▼

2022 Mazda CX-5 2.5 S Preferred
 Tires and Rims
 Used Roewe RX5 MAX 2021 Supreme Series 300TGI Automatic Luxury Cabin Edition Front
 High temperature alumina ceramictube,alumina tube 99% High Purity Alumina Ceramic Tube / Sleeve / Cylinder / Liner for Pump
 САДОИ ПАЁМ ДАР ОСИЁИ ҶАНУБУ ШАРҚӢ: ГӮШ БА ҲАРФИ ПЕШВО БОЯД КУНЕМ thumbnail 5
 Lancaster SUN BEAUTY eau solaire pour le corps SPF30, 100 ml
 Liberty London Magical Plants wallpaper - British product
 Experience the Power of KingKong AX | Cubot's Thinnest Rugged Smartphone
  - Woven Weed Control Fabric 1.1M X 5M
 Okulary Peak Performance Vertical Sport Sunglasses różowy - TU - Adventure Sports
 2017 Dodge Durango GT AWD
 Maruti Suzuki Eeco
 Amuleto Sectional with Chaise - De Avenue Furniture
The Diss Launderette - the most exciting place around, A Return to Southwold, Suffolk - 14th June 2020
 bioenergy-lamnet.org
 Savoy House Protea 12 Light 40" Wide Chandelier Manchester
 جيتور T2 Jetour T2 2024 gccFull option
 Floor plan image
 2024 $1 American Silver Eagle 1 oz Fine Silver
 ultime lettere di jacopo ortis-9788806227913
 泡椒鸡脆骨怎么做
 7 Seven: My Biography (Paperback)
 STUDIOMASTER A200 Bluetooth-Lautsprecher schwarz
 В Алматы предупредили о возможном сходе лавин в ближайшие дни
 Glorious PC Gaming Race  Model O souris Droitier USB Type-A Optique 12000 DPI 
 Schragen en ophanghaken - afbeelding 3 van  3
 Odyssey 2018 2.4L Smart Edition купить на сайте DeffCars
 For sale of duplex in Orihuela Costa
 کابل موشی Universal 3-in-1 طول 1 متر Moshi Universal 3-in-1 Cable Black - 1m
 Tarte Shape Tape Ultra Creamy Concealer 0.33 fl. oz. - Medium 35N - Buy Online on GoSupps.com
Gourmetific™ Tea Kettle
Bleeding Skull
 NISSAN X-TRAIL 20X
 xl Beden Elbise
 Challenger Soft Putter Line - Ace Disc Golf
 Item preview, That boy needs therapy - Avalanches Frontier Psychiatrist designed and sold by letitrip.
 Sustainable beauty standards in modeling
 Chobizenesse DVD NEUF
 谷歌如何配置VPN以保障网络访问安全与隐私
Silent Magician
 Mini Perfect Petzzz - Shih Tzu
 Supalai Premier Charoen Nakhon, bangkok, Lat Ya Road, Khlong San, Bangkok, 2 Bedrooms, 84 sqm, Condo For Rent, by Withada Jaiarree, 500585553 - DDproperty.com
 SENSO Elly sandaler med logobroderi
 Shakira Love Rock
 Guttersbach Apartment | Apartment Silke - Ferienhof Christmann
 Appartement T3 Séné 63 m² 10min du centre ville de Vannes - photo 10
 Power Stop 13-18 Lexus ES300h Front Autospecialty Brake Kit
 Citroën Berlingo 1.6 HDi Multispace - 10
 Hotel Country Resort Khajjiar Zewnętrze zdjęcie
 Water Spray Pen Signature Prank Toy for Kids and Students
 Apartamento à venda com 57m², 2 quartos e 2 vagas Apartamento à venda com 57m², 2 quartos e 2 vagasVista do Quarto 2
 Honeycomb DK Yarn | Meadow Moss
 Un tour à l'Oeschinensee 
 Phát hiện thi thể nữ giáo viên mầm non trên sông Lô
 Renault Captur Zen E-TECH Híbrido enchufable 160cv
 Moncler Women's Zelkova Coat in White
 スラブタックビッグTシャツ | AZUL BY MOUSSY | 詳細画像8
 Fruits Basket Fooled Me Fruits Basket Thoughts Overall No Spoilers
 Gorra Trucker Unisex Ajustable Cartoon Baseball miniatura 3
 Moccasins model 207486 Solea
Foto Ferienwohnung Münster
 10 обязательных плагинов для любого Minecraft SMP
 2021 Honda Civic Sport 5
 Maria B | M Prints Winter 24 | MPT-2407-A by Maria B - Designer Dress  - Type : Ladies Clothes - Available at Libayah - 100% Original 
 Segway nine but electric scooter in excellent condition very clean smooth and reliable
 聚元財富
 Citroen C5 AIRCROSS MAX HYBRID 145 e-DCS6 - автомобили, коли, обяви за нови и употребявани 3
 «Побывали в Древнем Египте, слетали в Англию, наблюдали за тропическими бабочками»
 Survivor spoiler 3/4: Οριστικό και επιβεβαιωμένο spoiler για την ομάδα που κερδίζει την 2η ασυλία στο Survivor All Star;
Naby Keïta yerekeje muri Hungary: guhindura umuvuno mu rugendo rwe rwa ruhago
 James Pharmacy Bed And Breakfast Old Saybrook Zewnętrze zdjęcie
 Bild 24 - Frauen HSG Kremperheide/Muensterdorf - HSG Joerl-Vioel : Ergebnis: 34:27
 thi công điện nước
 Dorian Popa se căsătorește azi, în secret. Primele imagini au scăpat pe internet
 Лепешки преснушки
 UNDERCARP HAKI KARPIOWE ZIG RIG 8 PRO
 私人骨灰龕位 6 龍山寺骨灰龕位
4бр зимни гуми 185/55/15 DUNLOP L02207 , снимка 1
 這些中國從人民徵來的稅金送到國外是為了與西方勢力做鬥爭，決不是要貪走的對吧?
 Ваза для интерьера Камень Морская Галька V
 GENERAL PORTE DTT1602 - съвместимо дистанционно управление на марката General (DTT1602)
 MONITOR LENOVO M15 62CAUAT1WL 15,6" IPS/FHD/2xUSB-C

▲

## [About this task]
All lines from the line holding "Un tour à l'Oeschinensee" through the end of the records above need to be transcribed exactly, and no other text should appear.

## [Response]
 Un tour à l'Oeschinensee 
 Phát hiện thi thể nữ giáo viên mầm non trên sông Lô
 Renault Captur Zen E-TECH Híbrido enchufable 160cv
 Moncler Women's Zelkova Coat in White
 スラブタックビッグTシャツ | AZUL BY MOUSSY | 詳細画像8
 Fruits Basket Fooled Me Fruits Basket Thoughts Overall No Spoilers
 Gorra Trucker Unisex Ajustable Cartoon Baseball miniatura 3
 Moccasins model 207486 Solea
Foto Ferienwohnung Münster
 10 обязательных плагинов для любого Minecraft SMP
 2021 Honda Civic Sport 5
 Maria B | M Prints Winter 24 | MPT-2407-A by Maria B - Designer Dress  - Type : Ladies Clothes - Available at Libayah - 100% Original 
 Segway nine but electric scooter in excellent condition very clean smooth and reliable
 聚元財富
 Citroen C5 AIRCROSS MAX HYBRID 145 e-DCS6 - автомобили, коли, обяви за нови и употребявани 3
 «Побывали в Древнем Египте, слетали в Англию, наблюдали за тропическими бабочками»
 Survivor spoiler 3/4: Οριστικό και επιβεβαιωμένο spoiler για την ομάδα που κερδίζει την 2η ασυλία στο Survivor All Star;
Naby Keïta yerekeje muri Hungary: guhindura umuvuno mu rugendo rwe rwa ruhago
 James Pharmacy Bed And Breakfast Old Saybrook Zewnętrze zdjęcie
 Bild 24 - Frauen HSG Kremperheide/Muensterdorf - HSG Joerl-Vioel : Ergebnis: 34:27
 thi công điện nước
 Dorian Popa se căsătorește azi, în secret. Primele imagini au scăpat pe internet
 Лепешки преснушки
 UNDERCARP HAKI KARPIOWE ZIG RIG 8 PRO
 私人骨灰龕位 6 龍山寺骨灰龕位
4бр зимни гуми 185/55/15 DUNLOP L02207 , снимка 1
 這些中國從人民徵來的稅金送到國外是為了與西方勢力做鬥爭，決不是要貪走的對吧?
 Ваза для интерьера Камень Морская Галька V
 GENERAL PORTE DTT1602 - съвместимо дистанционно управление на марката General (DTT1602)
 MONITOR LENOVO M15 62CAUAT1WL 15,6" IPS/FHD/2xUSB-C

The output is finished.